Arkansas Families First has more than $45,000 in the bank to finance efforts to fight the measure and raised $13,345 last month, according to a campaign-finance report filed Tuesday. Its expenses included $1,755 paid to the secretary of state's office for copies of the petitions submitted by the Arkansas Family Council Action Committee, which proposed the ban.

Last month, the committee submitted signatures to get the measure on the November ballot, but fell short of the necessary 61,794 necessary signatures. The committee got another 30 days to gather more signatures.

Willhite said her group has been going through the signatures and petitions submitted to find more names that she believes should have been tossed out by the secretary of state's office.

"Those are the types of things we're looking at," Willhite said. "We're also going to challenge it on the sufficiency of the title and the constitutionality of this proposed initiated act."

The group is in a better position financially than the Arkansas Family Council Action Committee, sponsor of the proposal, which raised $9,000 last month.

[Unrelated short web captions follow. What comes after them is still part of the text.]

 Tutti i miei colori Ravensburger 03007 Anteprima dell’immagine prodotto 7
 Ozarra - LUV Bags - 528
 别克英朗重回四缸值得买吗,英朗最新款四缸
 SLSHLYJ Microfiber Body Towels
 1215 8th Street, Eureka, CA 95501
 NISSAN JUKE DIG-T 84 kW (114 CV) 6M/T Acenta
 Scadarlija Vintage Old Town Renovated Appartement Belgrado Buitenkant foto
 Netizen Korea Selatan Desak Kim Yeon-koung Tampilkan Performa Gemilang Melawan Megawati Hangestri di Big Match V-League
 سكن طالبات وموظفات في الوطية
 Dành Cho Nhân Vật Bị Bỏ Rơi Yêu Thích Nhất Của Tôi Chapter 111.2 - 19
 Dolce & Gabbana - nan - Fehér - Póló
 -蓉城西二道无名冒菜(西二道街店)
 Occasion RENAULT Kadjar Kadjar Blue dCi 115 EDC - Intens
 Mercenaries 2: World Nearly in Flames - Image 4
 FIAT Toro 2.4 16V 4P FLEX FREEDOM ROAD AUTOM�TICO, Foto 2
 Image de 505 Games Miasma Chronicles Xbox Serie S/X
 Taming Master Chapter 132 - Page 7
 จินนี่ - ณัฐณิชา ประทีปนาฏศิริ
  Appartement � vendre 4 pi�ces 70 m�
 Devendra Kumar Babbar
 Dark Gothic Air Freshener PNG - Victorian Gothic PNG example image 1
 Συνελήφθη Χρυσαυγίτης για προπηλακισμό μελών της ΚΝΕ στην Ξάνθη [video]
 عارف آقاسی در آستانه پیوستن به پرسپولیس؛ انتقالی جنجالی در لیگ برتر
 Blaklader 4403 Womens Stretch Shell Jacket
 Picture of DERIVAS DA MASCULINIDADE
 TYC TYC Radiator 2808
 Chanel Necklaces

The committee reported a debt of nearly $2,800 as of July 31. The group's expenses total more than $57,000.

Committee president Jerry Cox says the group plans to turn in 24,000 signatures of registered voters on Thursday.

Cox said he believed the proposal, aimed at banning gays and lesbians from fostering or adopting children, would withstand a court challenge and said backers gathered the signatures properly.

"While this will be a distraction and a diversion for us, I believe we will prevail in court," Cox said.